With spring around the corner, more social design events in Berlin are scheduled again. The local chapter of the Interaction Design Association IxDA invited for an evening with 3 talks touching on climate considerations to not getting too absorbed in your work. About 120 people joined, and it was nice to see some familiar faces after many years abroad. The following evening, a much more intimate service design leads dinner took place, allowing more personal exchange. An attendee told me about their work on the digital certificate wallet for a neighbouring EU country. In a future international community call, I hope we can hear more about this work in that and other countries.

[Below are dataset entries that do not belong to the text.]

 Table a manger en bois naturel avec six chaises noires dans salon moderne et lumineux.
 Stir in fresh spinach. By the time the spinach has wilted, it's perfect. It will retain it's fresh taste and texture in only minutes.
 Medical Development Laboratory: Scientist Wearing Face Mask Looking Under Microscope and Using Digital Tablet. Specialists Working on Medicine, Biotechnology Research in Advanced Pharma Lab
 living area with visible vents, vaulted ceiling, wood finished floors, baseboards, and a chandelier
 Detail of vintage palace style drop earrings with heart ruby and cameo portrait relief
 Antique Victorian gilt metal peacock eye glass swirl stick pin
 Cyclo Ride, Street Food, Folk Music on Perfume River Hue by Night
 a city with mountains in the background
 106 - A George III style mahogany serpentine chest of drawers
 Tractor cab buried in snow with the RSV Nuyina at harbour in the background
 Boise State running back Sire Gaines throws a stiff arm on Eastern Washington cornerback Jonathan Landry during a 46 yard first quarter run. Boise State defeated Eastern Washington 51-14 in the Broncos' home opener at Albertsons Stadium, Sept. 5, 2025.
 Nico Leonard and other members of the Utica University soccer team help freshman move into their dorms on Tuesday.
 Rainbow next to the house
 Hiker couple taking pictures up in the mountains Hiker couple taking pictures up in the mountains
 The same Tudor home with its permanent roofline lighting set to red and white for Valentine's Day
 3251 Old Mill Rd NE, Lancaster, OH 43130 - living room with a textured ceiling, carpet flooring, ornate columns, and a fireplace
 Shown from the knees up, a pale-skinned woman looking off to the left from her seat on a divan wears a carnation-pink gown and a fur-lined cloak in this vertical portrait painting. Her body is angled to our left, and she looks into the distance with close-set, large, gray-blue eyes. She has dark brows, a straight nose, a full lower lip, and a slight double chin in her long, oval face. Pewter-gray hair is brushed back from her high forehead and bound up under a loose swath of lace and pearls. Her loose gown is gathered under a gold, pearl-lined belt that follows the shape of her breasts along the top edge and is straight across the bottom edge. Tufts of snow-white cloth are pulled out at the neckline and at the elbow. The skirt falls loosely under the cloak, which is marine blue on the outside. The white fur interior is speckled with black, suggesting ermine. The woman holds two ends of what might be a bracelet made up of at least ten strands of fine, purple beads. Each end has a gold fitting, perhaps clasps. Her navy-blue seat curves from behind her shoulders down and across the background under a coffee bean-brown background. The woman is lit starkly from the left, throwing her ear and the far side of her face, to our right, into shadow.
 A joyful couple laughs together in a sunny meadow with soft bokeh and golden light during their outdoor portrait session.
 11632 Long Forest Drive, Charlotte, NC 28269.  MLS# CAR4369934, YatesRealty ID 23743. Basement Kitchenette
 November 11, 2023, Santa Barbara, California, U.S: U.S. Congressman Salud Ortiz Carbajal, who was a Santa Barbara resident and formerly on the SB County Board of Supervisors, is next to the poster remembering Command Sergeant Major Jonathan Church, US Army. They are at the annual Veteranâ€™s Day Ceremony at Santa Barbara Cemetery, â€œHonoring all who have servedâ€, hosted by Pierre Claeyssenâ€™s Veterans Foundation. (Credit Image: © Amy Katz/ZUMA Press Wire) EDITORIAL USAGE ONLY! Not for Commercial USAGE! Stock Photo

It took us some weeks, but we have a meetup group published: ‘Öffentliches Gestalten – shaping public sector’s future’ is the bilingual title. We will run it as a one-off meetup in the second half of April and then see how much demand there is. Things are still a bit drafty at the moment. In the coming days, we will complete the description, announce the date and add flashy graphics. My partners in crime are Christian and Magda, both engineers, and it’s exciting to kick off a new format that, I believe, Berlin’s community will benefit from.
On Tuesday, in our ‘Design Weekly’ session, I finally launched our ‘About me’ subformat. For almost 50 minutes, I rambled about myself, my life and my work life. At GDS, we had a version of this format, and it allowed us
- to connect and learn more about the individuals in the design discipline and what shaped them
- to understand what skills and experiences they have – to better know who to approach regarding a particular topic or issue
- to equally recognise our commonalities and diversity
So I hope someone from the design team is going to claim the next slot in mid-May to tell something about themselves.
Beyond work responsibilities, I joined for a thesis kick-off. In the coming 3 months, I’ll be the secondary supervisor of a Bachelor thesis on the design of democracy. The student has been a Tech4Germany fellow before and now finishes their studies at my former university. So it will be an honour to advise and guide them. On the way, there will be plenty for me to learn.
What’s next
Next week is #ServicesWeek in the UK Government. I’m massively proud of the many people continuing the format, and it is getting more support than ever from comms colleagues in the Cabinet Office. They picked ‘Designing for uncertain times’ as the theme, and their schedule looks packed.
GDS is running its usual open show and tell, which I plan to join. And in the international community, we are running our 30th call discussing designing services in different languages. We’ll hear about the multilingual work happening in Finland, Switzerland and Wales on Tuesday midday.
On Thursday, I will talk to Druv from the Scottish Government about their current approach to service assurance. Knowing that Scotland has been iterating their approach quite a bit over the last few years, I’m curious to see what they are doing now after they have taken a measured approach, adjusting the assessment to the maturity of the service team.
I hope to find some folks from UK Local Government who can tell me more about the voluntary service assessments they used to run until a few years ago. Coincidentally, a person working in Westminster Council put in time for Monday via my MegaMentor link to talk about adopting the Service Manual.